We can, however, determine something about the relationship between the servers. A couple minutes’ research indicates they were indeed looking at one of Trump’s marketing servers. The domains trump1.contact-client.com and trump-email.com were registered by cdcservices.com.
The cdcservices.com domain, in turn, was registered to cendyn.com, owned by a company that provides a ‘Hospitality Marketing Cloud’ service.
Therefore the likely explanation is that Alfa Bank’s employees stayed at a Trump hotel, and were being followed up by the usual marketing emails.
‘[…] the logs suggested that Trump and Alfa had configured something like a digital hotline connecting the two entities, shutting out the rest of the world, and designed to obscure its own existence.’
Erm, well yes, but… no. It was ‘shutting out the rest of the world’ rather like the firewalls protecting most public-facing servers.
‘The parties were communicating in a secretive fashion. The operative word is secretive. This is more akin to what criminal syndicates do if they are putting together a project.’
I have no idea what’s meant by this. Was the traffic encrypted, and how is that abnormal? What’s been described so far suggests the opposite – If they were looking at criminal activity, they’d almost certainly be looking at crims who made an effort to prevent attribution. The NSA would certainly have intercepted the traffic also.
‘The conversation between the Trump and Alfa servers appeared to follow the contours of political happenings in the United States. “At election-related moments, the traffic peaked,” according to Camp. There were considerably more DNS lookups, for instance, during the two conventions.’
Aside from the ‘correlation doesn’t equal causation’ argument, the problem here is that ‘contours of political happenings’ is very, very subjective.

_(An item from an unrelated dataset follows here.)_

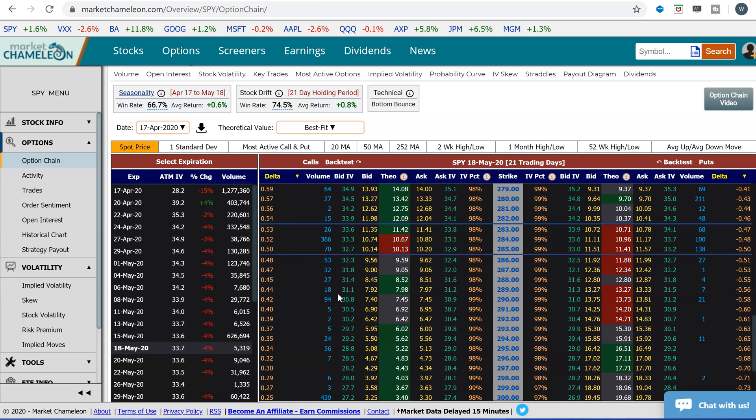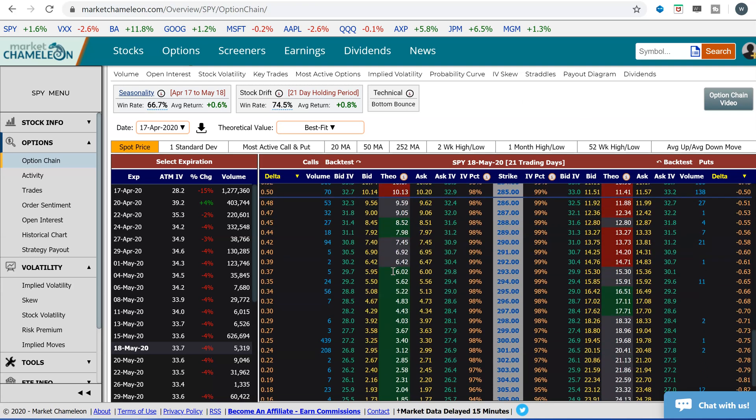I'm going to briefly talk about interest rates and what happens to the option price when interest rates go up and what happens when they go down. Here I'm just looking at an options chain, and take, for example, a call. So if interest rates go up, what will happen to the price of that call?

It varies according to news sources and what one considers noteworthy. A similar correlation could be found with events anywhere in the world.
‘[…] shortly after [The Times] reached out to Alfa, the Trump domain name in question seemed to suddenly stop working[…] Four days later […] the Trump Organization created a new host name, trump1.contact-client.com, which enabled communication to the very same server via a different route.’
There are a number of possible explanations. The timing could have been a coincidence, and Cendyn had shifted the service to a subdomain, perhaps to make it easier to manage. Cendyn or Alfa could also have communicated the change through a third-party email service. This isn’t evidence that anyone was conspiring out-of-band.
In conclusion, this doesn’t add up to incontrovertible evidence of a link between Trump and Alfa Bank, much less evidence of a conspiracy involving Trump. As it is, they have only DNS log data, which needs to be correlated with other sources.